What you will do
Given the listing below, write out exactly the lines starting with the line that has "A Plush Toy" and going on through the line that has "It is known", both kept.

Data in this exercise
******************************

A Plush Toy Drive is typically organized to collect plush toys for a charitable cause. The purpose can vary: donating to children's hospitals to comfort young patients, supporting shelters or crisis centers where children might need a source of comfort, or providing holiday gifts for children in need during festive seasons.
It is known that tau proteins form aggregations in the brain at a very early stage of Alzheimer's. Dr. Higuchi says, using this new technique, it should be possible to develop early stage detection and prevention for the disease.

******************************

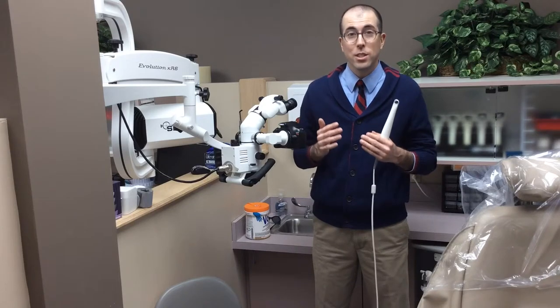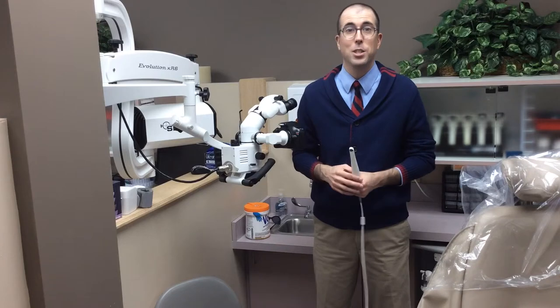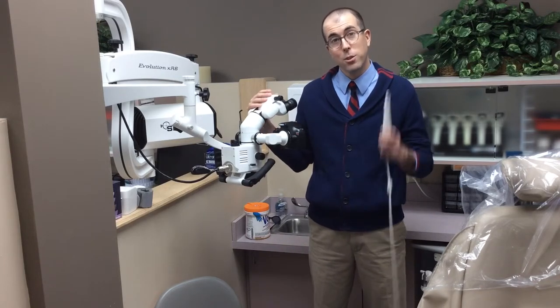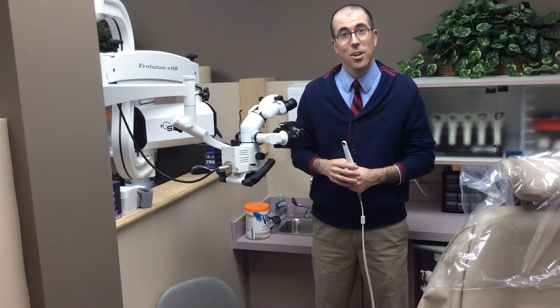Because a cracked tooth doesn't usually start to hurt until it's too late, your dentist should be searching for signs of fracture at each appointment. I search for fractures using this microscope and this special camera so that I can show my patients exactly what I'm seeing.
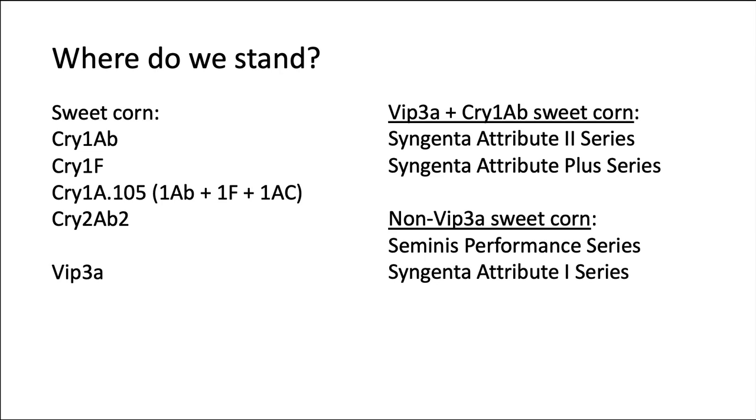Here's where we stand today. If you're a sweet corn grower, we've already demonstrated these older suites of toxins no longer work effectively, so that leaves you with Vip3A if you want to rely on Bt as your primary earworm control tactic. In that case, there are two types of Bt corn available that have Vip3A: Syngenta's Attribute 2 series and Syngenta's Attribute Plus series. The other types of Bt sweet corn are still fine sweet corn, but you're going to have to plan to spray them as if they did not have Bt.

******************************

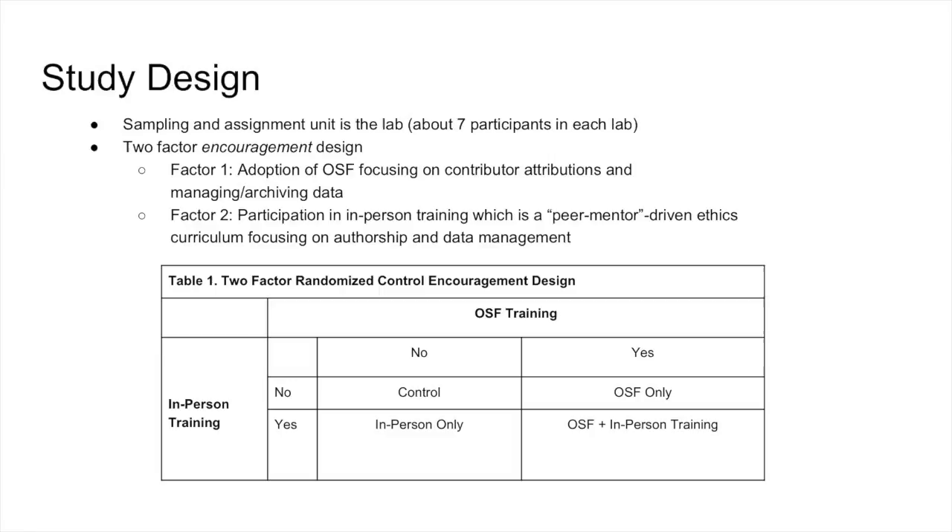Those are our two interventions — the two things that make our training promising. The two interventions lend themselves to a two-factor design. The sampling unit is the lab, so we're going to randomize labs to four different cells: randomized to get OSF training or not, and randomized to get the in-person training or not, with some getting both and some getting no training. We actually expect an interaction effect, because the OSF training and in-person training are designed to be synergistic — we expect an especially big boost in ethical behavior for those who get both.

******************************

Reply to the exercise
A Plush Toy Drive is typically organized to collect plush toys for a charitable cause. The purpose can vary: donating to children's hospitals to comfort young patients, supporting shelters or crisis centers where children might need a source of comfort, or providing holiday gifts for children in need during festive seasons.
It is known that tau proteins form aggregations in the brain at a very early stage of Alzheimer's. Dr. Higuchi says, using this new technique, it should be possible to develop early stage detection and prevention for the disease.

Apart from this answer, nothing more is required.